# TOR config - exit node - help the idiot.



## drmike (Jan 2, 2014)

Being a new year I've decided to put some idle server resources on my dedicated servers to some use, benefiting others.

Decided to give TOR a try.   The config is blah.  Haven't had success in getting it up and running as an exit node (i.e not seeing in public database and not seeing any real activity).

Does someone have a TOR config file they use currently and successfully.  Idea here is something that allows checking email, web surfing and a few other common things and nothing else.

That, plus any info cause I am quite unsure what the heck is going on


----------



## blergh (Jan 2, 2014)

By "not seeing it in public database" you mean the atlas? It takes like 2-3 hours for them to show up. Also pastebin your current config.


----------



## wlanboy (Jan 2, 2014)

drmike said:


> Does someone have a TOR config file they use currently and successfully.  Idea here is something that allows checking email, web surfing and a few other common things and nothing else.


Well your node needs a level of trust to be listed.

Wait some hours/days and you exit node will be used.

What provider is still allowing exit nodes?


----------



## blergh (Jan 2, 2014)

wlanboy said:


> Well your node needs a level of trust to be listed.
> 
> Wait some hours/days and you exit node will be used.
> 
> What provider is still allowing exit nodes?


Ah good point, i completely forgot about the usage-levels. He won't bee seeing anything for like a week, and then 3 weeks and so on.


----------



## maounique (Jan 2, 2014)

Actually, in my experience it takes from half an hour to 3 hours for a well configured node with a lot of bw.

I use to allow ports 80, 995, 110, 465,143 and a lot of streaming and IM ports I dont know by heart. But that only at home, I no longer put exit nodes in my VPSes, I use relay-only where allowed and freenet where Tor is not allowed or even both where the specs are OK and the rulles allow relays too.

I think the network gives priority to exits and those with high real bw are poping up faster.


----------



## Nyr (Jan 3, 2014)

This exit policy is pretty good to prevent P2P and other kinds of abuse, but you are going to get some even if only port 80 is allowed:

https://trac.torproject.org/projects/tor/wiki/doc/ReducedExitPolicy

As others said, it can take hours/days until you start to get some traffic, just check the .log to be sure your node is reachable.


----------



## drmike (Jan 3, 2014)

I forgot all about the massive wait to see traffic delay.  Derp derp.  Seemed longer than I recalled.

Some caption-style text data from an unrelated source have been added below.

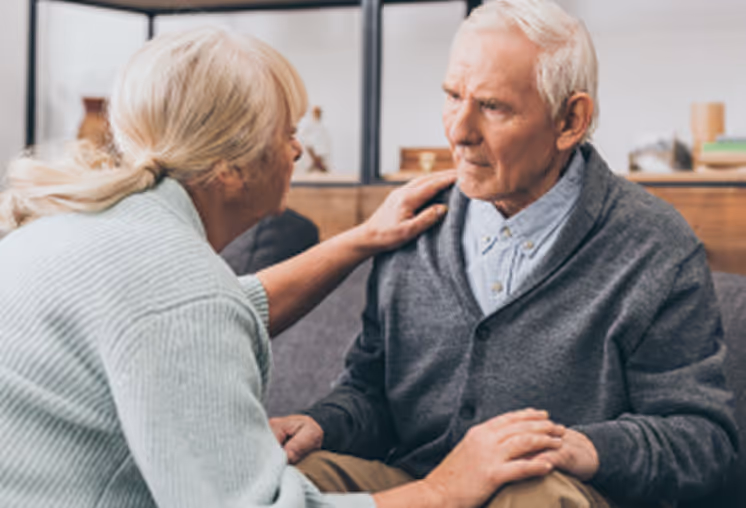 Concerned elderly woman comforting a distressed elderly man sitting on a couch in a home setting.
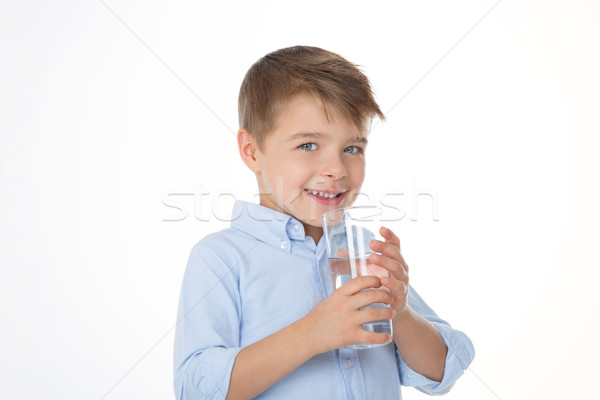 Viclean copil băiat băuturi Imagine de stoc © Dave_pot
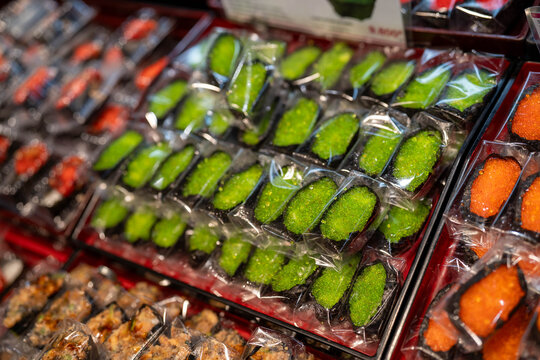 Colorful sushi toppings displayed in a market setting.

I am running a ReducedExitPolicy.

I have colo'd servers out there.  So using such.   I know nothing was mentioned about Tor when I signed up years ago... So I'll deal with any issues like I always have, with SWIP if necessary.

May give Tor a user side test too.  Was pretty lousy in the past. 

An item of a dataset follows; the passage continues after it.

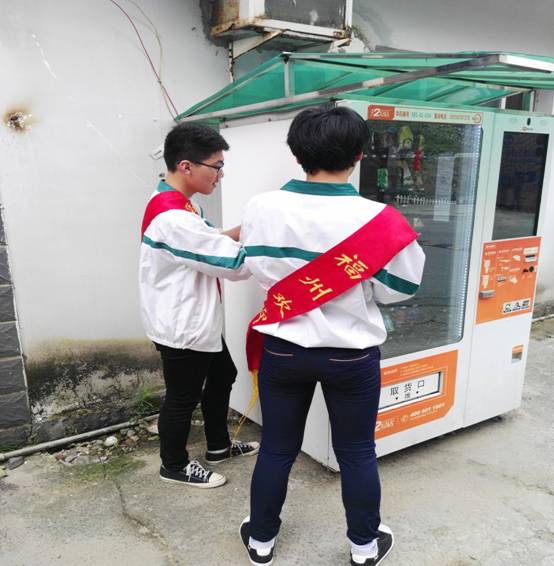 系部志愿者清理校内路边自动贩卖机上的小广告 系部志愿者清理校内路边自动贩卖机上的小广告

Part of this is just to justify some of the idle resources.  People gripe too much about it, I'll just pack up and ship servers home


----------



## maounique (Jan 3, 2014)

Exit nodes are dangerous lately. I do not care for myself, I know my rights and romanian police is fairly competent but I dont want to get anyone else in trouble. So relays away, few ports exit at home. I wish to take the time one of these days to experiment with the IPv6 on Tor but never enough time


----------



## drmike (Jan 3, 2014)

Mao said:


> Exit nodes are dangerous lately.


What has the recent danger / news been centered around?


----------



## wlanboy (Jan 3, 2014)

drmike said:


> What has the recent danger / news been centered around?


Do you read the Tor exit guidelines?


----------



## joepie91 (Jan 3, 2014)

drmike said:


> What has the recent danger / news been centered around?


A well publicized case was this.


----------



## SrsX (Jan 6, 2014)

drmike said:


> What has the recent danger / news been centered around?


... CP being the most dangerous. Other than that, just enjoy being listed in Spamhaus blacklist among other for TOR/open proxy.


----------